Remember this equation:
Time + Effort + Creativity > Cost
These gifts don't wind up in the garbage or at the back of a closet. They can range from things like jams, wine, coffee beans, and chocolate, to gifts enjoyed by the mind or the body, such as:
- one-year membership (and free admissions!) at a museum, arboretum, the zoo, an aquarium
- gift cards* for books or e-books
- movie/TV streaming subscription
- gift certificate for a massage, facial, or mani-pedi
- concert or movie tickets
- an experience suitable to the recipient (glider ride, horseback ride on the beach, whale watching tour, indoor rock climbing, snorkeling, wine tasting, etc.)

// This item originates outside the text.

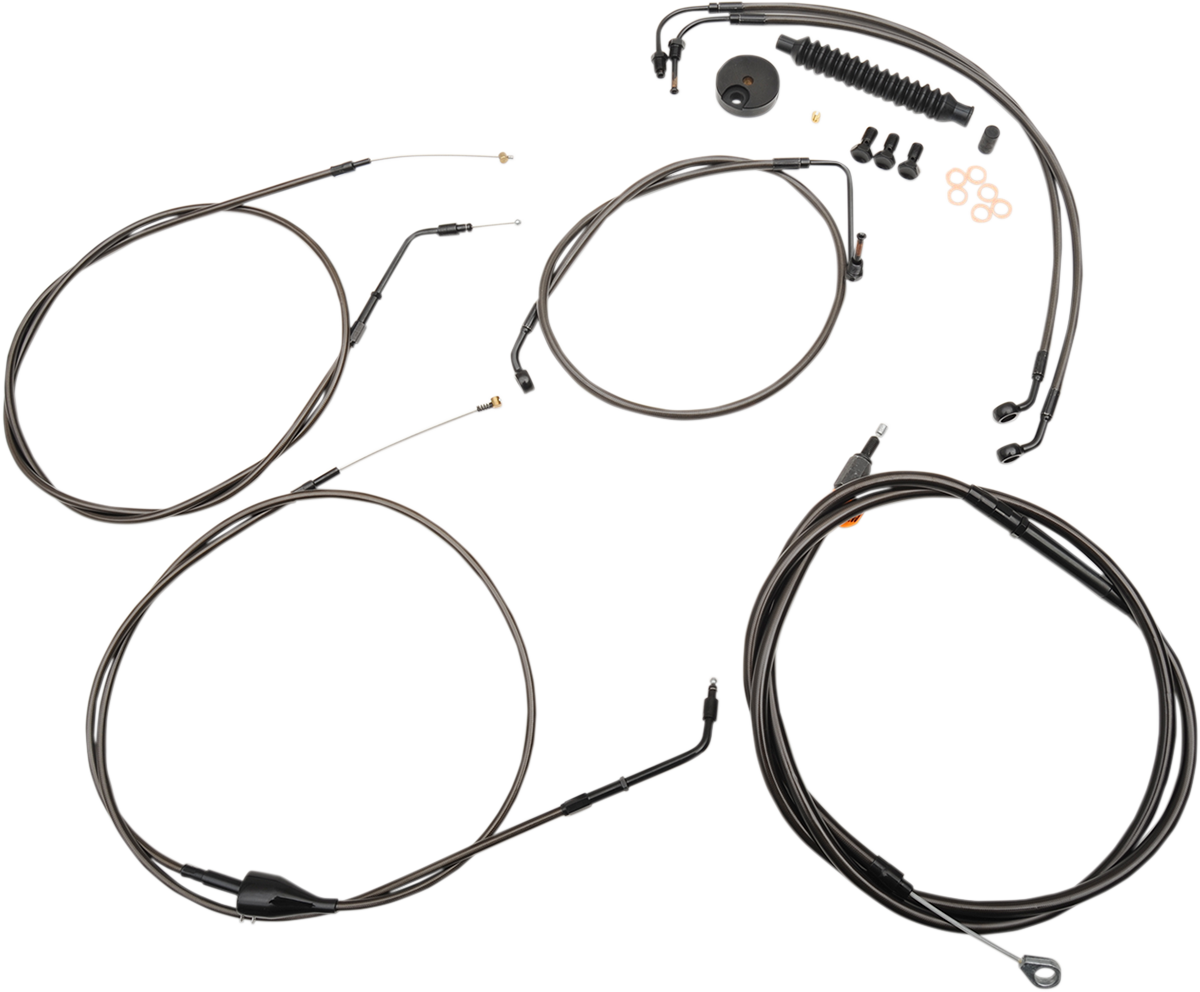 LA CHOPPERS Handlebar Cable/Brake Line Kit - 15" - 17" Ape Hanger Handlebars - Midnight LA-8006KT-16M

Most consumable gifts will be appreciated and remembered for a very long time.
* This blog is reader-supported. If you purchase through my links, I may earn a small commission.
Kids may be excited about Christmas gifts, but that doesn't mean you have to be. Isn't it true that as we age, other things become more important than whatever might be under the tree?
In a world that contains pandemics, political unrest, and too many other terrible things, why should we waste time worrying about whether we got the right present, spent too much or too little money, and whether things are wrapped or decorated just so?
Let's be grown-ups and put other people with real needs ahead of our own pleasures. Maybe you can agree with your family or group of friends on one or two (or three or four) charities that you would all like to donate to in lieu of buying any gifts for each other.
Then you can simply enjoy being together, take a walk or play some games, and forget about waste and consumerism entirely.